| About this exercise |
Transcribe the entries below word for word, beginning at the line with "DeeZee Pantoletten WFA2783-1 Rosa Pantolette" and stopping after the line with "奥迪A4L 2022款 2.0T 自动 quattro-RS套件燃速型 (国Ⅵ)"; drop all pictures.

** Opening Records shown block **

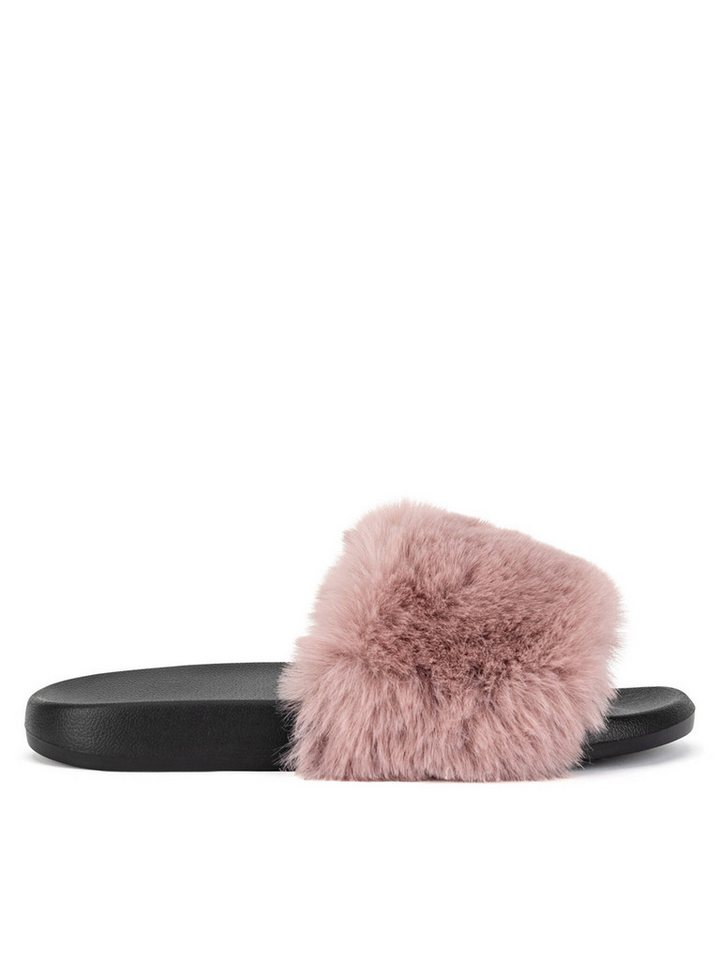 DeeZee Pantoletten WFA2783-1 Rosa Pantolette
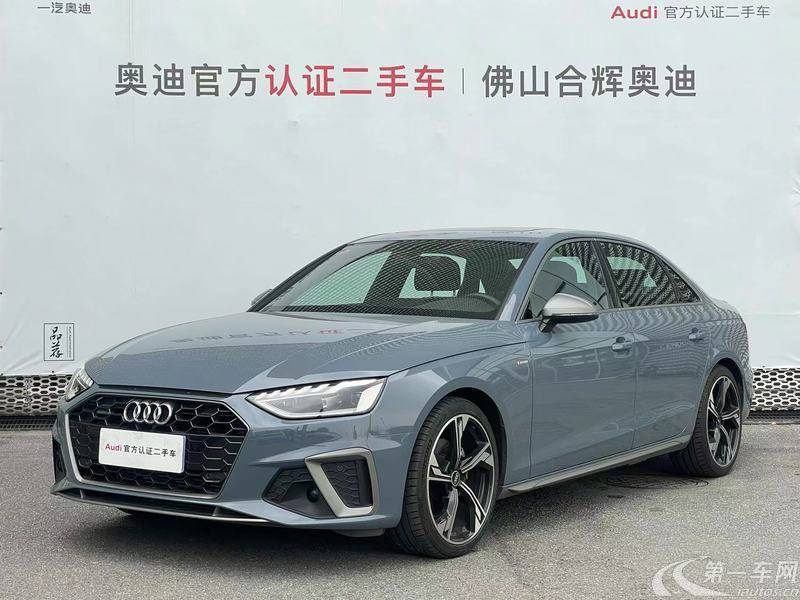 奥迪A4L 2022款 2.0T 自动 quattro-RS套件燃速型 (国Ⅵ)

** Closing Records shown block **
** Opening Records shown block **

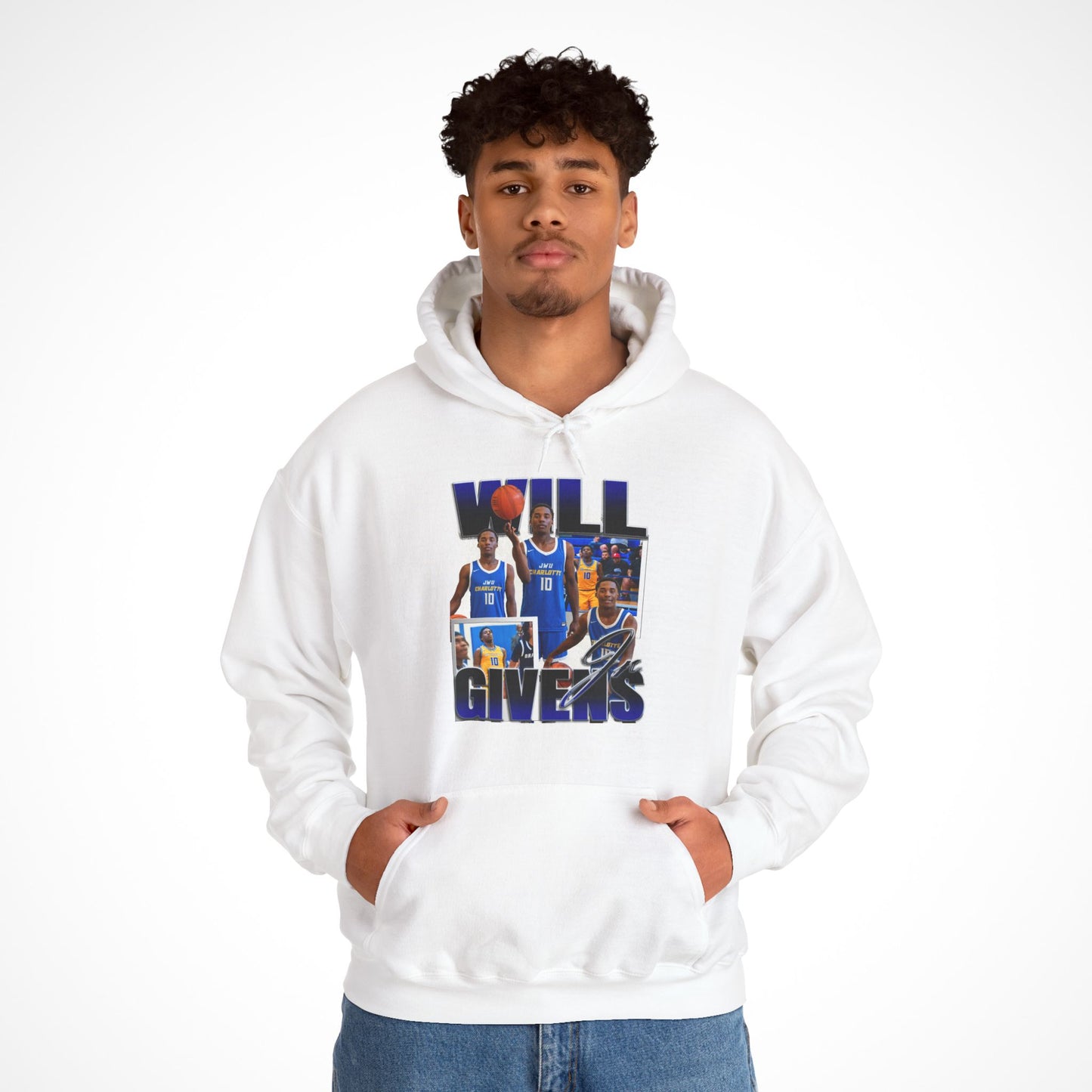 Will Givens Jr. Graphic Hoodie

** Closing Records shown block **

| Exercise solution |
 DeeZee Pantoletten WFA2783-1 Rosa Pantolette
 奥迪A4L 2022款 2.0T 自动 quattro-RS套件燃速型 (国Ⅵ)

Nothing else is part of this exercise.